The reality after five weeks is more damning than it is daring.
What has happened to the Bulls? I asked this a week ago and the question simply has to be asked every week. Wrong coach? Wrong players? Wrong everything?
The Bulls played the least impressive of New Zealand’s five franchises (in the Blues) and took a beating. They coughed up 31 unanswered second half points and the only sight more depressing was listening to the hapless Adriaan Strauss give an all too familiar captain’s post match interview on trying to find a positive amid the slaughter.
It won’t get better for the Bulls, which again dulls the Round One euphoria of the Stormers first half against the Bulls. Everyone has looked good against the Bulls who on present form would struggle to beat the Kings, who in turn would struggle to beat anyone outside of the Sunwolves.
It’s a dire reflection of the mental state of South African rugby’s stakeholders, be it the sponsors, coaches, players, media or supporters when a team like the Stormers are put on a pedestal for beating the Sunwolves.
Let’s go back to the opening round of the competition when the Sunwolves conceded 86 points to the Hurricanes, who a fortnight later lost to the Chiefs in Hamilton.
The Sunwolves are not the measurement of anything other than mediocrity. The focus, if winning this competition is at the essence of any reflection, should have been on the Stormers inability to get a bonus point win against the Sunwolves.
It should have been on the unacceptable in the 44-31 defeat and it should have been on how the hell the Stormers found themselves 24-10 and 31-20 in arrears and playing catch up against a team that will finish 18 out of 18.
South African Rugby’s supporters and reporters need to stop applauding the mediocre and stop trying to present the mediocre as the much improved.
SuperSport analyst and former Springbok and Stormers captain Jean de Villiers fortunately was true to the essence of what he took from the Stormers win against the Sunwolves.
‘They are going to have to learn to defend if they want to progress in this tournament.’ Amen to that.
The Stormers, if they are to be sold as a potential competition champions or a team to be taken seriously in the play-offs, have to emphatically dismiss the challenge of a side like the Sunwolves.

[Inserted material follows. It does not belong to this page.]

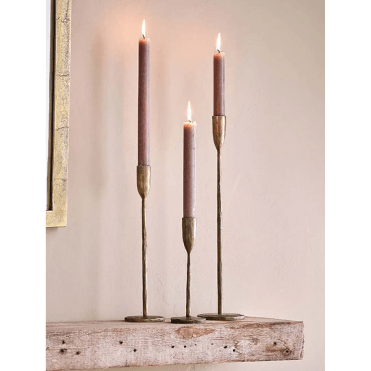 Mbata Brass Candlestick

I feel compelled to write it again … the Sunwolves took 80 against the Hurricanes, who are the defending champions.
The Sunwolves have one league point after five matches. If the Stormers comeback had been against the competition’s leading team with 21 league points I’d understand and also be endorsing the sunshine state of mind, but the Sunwolves … come on!
The Stormers are four from four but only have the one bonus point despite three of the matches being against competition easy beats the Bulls, The Kings and the Sunwolves.

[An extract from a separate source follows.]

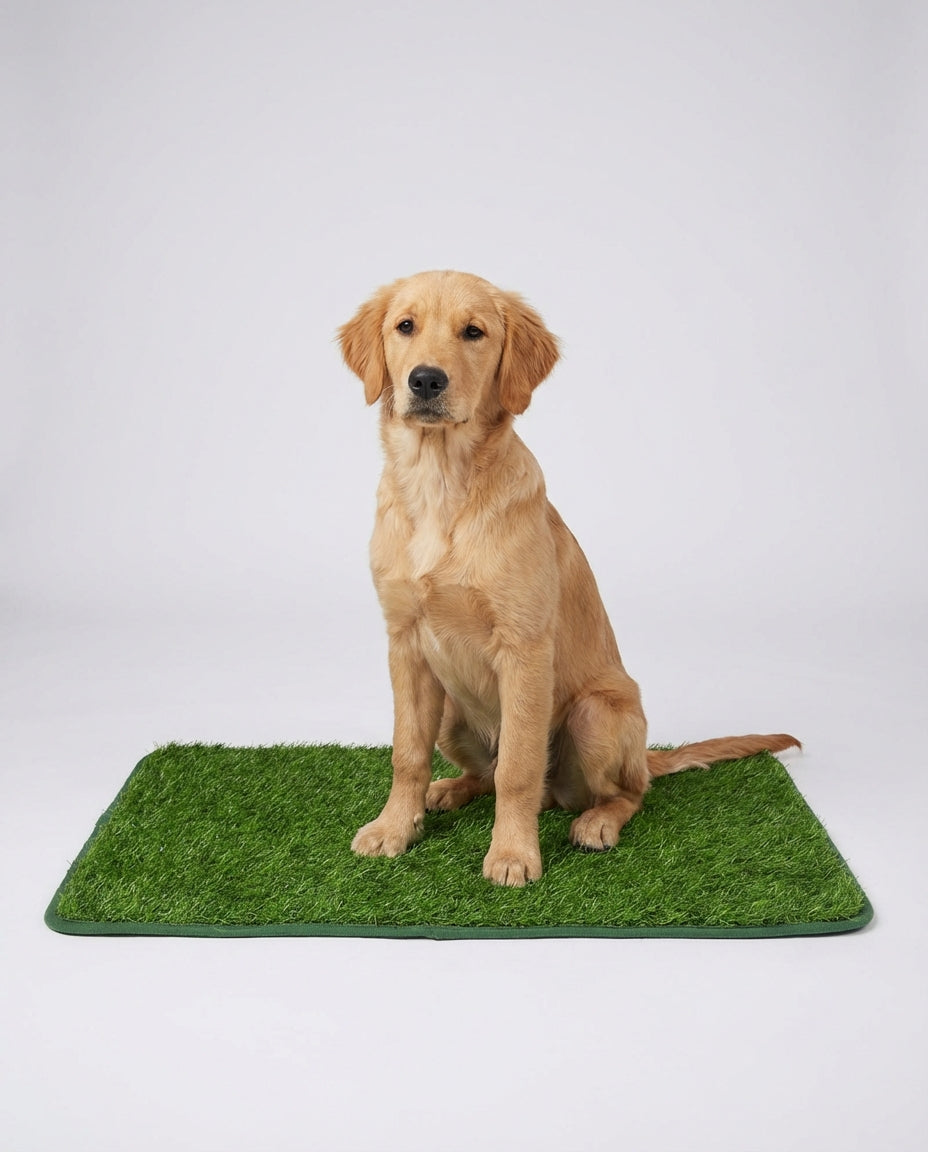 Dog Grass Washable Pet Pads Reusable Non-Slip | Indoor Training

Things may look decidedly different and the view may be entirely different after the Stormers play the Cheetahs, the Lions and three away matches in New Zealand.
Perspective, please or there will only be heartache.

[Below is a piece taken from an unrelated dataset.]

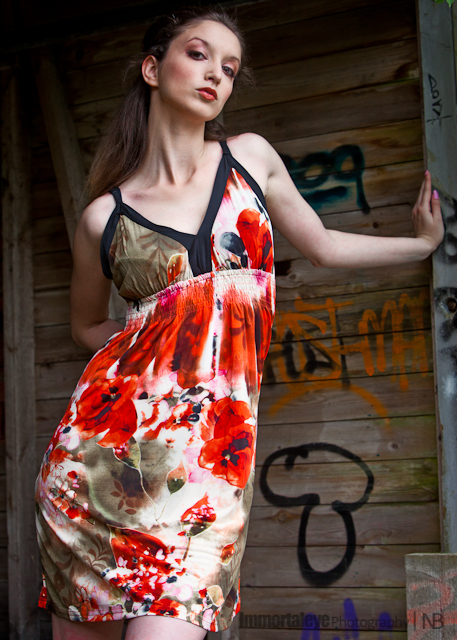Female model photo shoot of sia mia by Nils Bratby in Aylesbury,Bucks, makeup by Dani Duffy
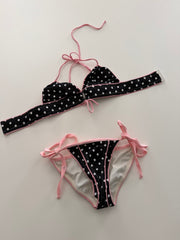 Polka Dot Trashy Lingerie Bikini & Heels from Film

The obsession with all out attack will win South African rugby nothing short or long term. There has to be an appreciation of attack, defence and simply the application of intelligent rugby. It’s been done before in this country (often) and can be done again.
But it also requires honesty in every assessment and this honesty is the positive in our rugby.
Sadly the insular nature of South African rugby means that criticism is interpreted as negativity but the only way to get it right is to be truthful about the measurement of our teams against the best in the competition … not the worst.
The Lions, for me, remain South Africa’s best hope of making a play-off statement but even they have not been as good in the opening month as they were a year ago. They’ve been hit and miss and the uncertainty about coach Johan Ackermann’s possible departure to Gloucester is affecting the team’s performance.
The Sharks thankfully won in Bloemfontein, and I write thankfully, because they present a better play-off option for South Africa than the Cheetahs whose domestic superiority in last year’s Currie Cup simply highlights the sub standard nature of the competition.
Individually, there are good news stories among South Africa’s player performances but the Super Rugby challenge as a collective so far has been everything but a good news story.